VOICE: (gasps) Ooh!
MIKE: Anna Y. of Houston, Texas, wrote to tell us about a puffmobile competition her class had. A puffmobile is a vehicle made out of straws... Lifesavers... paper... paper clips... and tape.
KORTNEY: To make your puffmobile move, you can only blow on it. That's why it's called a puffmobile. Anna told us that a boy in her class got his puffmobile to go nine feet.
GARRETT: We're going to design our own puffmobiles. Caroline and I will be one design team, and Mike and Kortney will be the other.
CAROLINE: After we're finished building, we're going to have a contest to see whose puffmobile can go nine feet in the fewest amount of puffs. So, let's get set up.
GARRETT: We don't have to use all of this material.
CAROLINE: Yeah, let's see, if we only use, like, paper and tape...
GARRETT: What if we fold it in kind of like a tube and then blow on...
CAROLINE: I think there's, like, a way to do that.
MIKE: We could make the frame out of these and then just put paper on top and then just blow it.
KORTNEY: So it might weigh... it might weigh it down.
MIKE: Yeah, you're right. But if we don't weight it enough, it might fly off course. So I'll make a frame.
KORTNEY: I'll see what shape will probably be easiest.
CAROLINE: You want to test it out? Yeah, I'll just try, just to see if it works.
GARRETT: Okay. Ooh, it goes.
MIKE: We need to have the most amount of area we can to blow, but we also need the least amount of friction and we need it to be the most aerodynamic that we can.
GARRETT: Wait a minute, what if we add... wait. What if we add weight to the sides? Because it seems like... It's, like, flimsy.
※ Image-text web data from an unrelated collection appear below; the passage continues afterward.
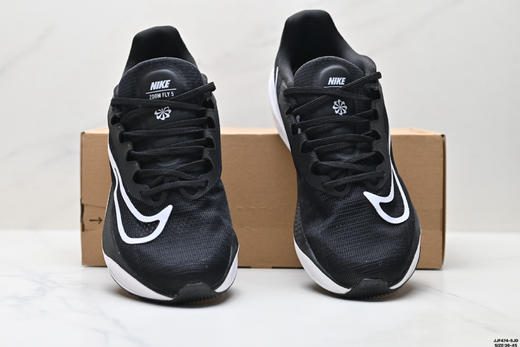 耐克Nike Zoom Fly 5轻量低帮休闲运动慢跑鞋DM8974-101男女鞋 商品图6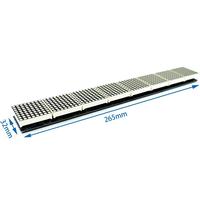 MAX7219 8*8 8 16Dot modul tampilan LED matriks tabung Digital pengontrol mikro papan penggerak 5V Kit DIY elektronik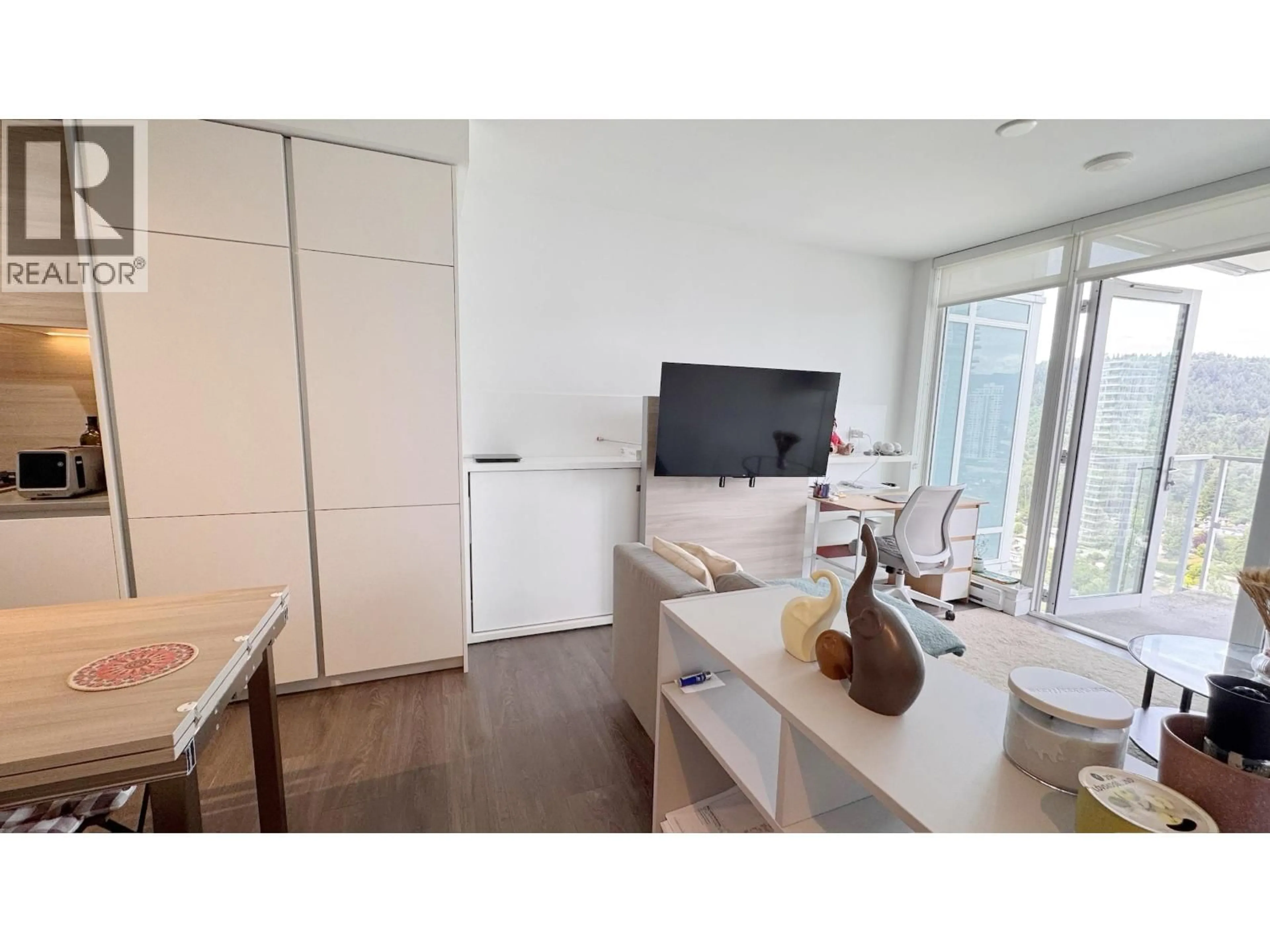Unknown for 2408 - 652 WHITING WAY, Coquitlam British Columbia V3J0K3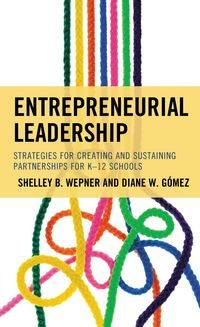 Produktbild: Entrepreneurial Leadership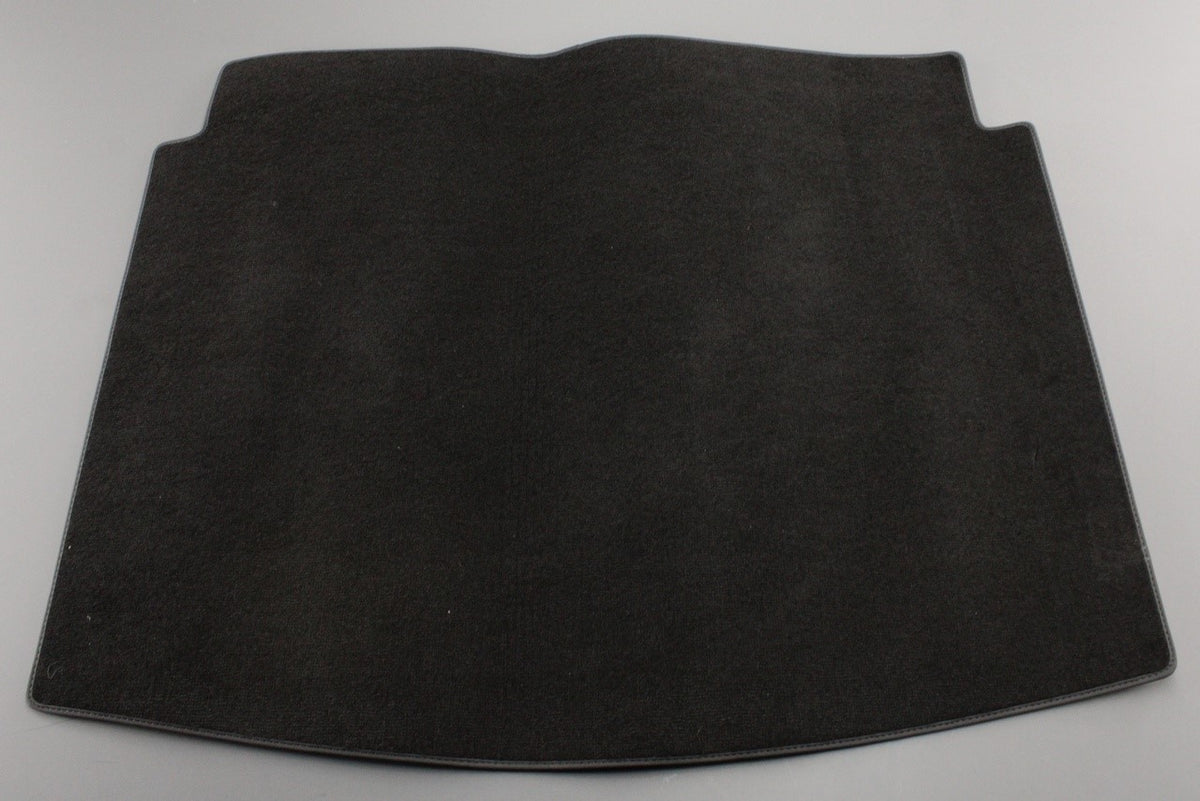 CUPRA Formentor 2020-on reversible boot mat liner 5FF061201B, view 1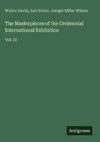 The Masterpieces of the Centennial International Exhibition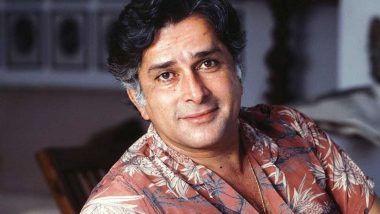 Shashi Kapoor Birth Anniversary: From Deewar to Silsila, 8 Iconic Dialogues of the Legendary Star From His Yesteryear Classics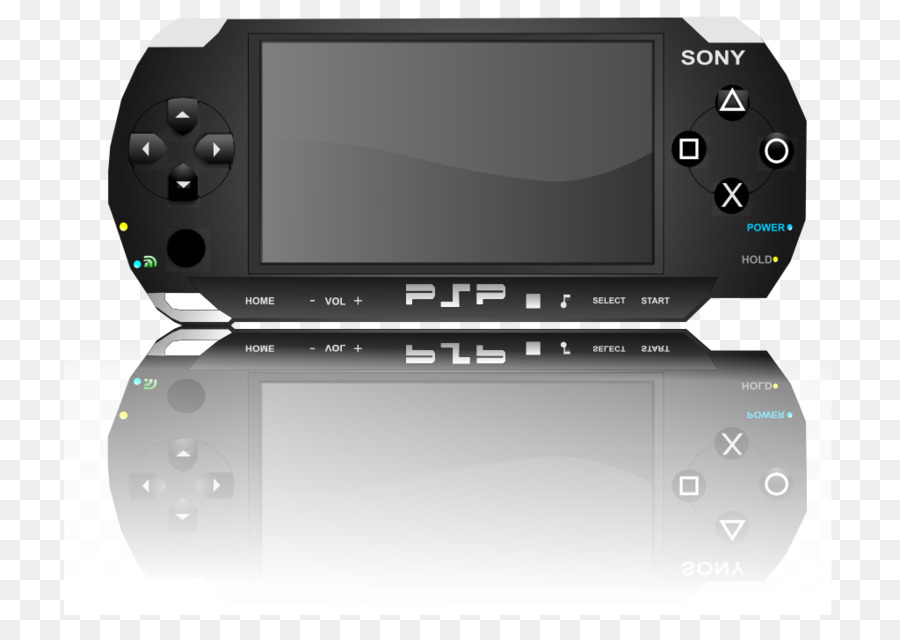 Playstation Portable，Playstation Vita PNG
If we add weight to the sides, it might hold it down and stay on the ground a little bit more.
CAROLINE: How do you think we could add weight?
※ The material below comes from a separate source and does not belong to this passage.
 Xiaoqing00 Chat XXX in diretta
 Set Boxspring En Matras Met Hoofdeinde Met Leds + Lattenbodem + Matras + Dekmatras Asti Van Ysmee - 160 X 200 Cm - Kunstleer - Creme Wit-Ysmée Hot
GARRETT: By, uh, putting on paper clips.
KORTNEY: I think it's a little too heavy.
MIKE: I think if we just did two.
KORTNEY: With two, you can make it like skis and just have the paper...
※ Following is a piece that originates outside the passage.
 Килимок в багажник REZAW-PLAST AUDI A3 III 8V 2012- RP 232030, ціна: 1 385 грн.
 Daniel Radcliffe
MIKE: Oh... like this? Yes, yes. Actually, that might work really well.
CAROLINE: Okay, let's try something totally different.
GARRETT: I think if we fold a piece of paper and then make kind of like a car structure with... with straws and lifesavers. And then, you'd take your piece of paper, you'd take your two straws, and then you'd tape it to the front. And then you'd have a support... you'd have a support straw going in the middle.
MIKE: If we made more of a tube... it'd be a lot more aerodynamic.
KORTNEY: Let's just try that and then blow it.
MIKE: Here, I got tape.
KORTNEY: I mean, tape it.
GARRETT: So then a straw that goes...
CAROLINE: Oh, that is so cool.
GARRETT: Right there.
CAROLINE: I think it's going to work really well. Go! That's good-- one. Two... Three... Four, good job.
MIKE: Oh, no!
KORTNEY: We got to get it in three, Mike. Whoo, three, good job. When we blew on our puffmobile, we created wind, which is moving air. It then pushed on our puffmobile and made it move.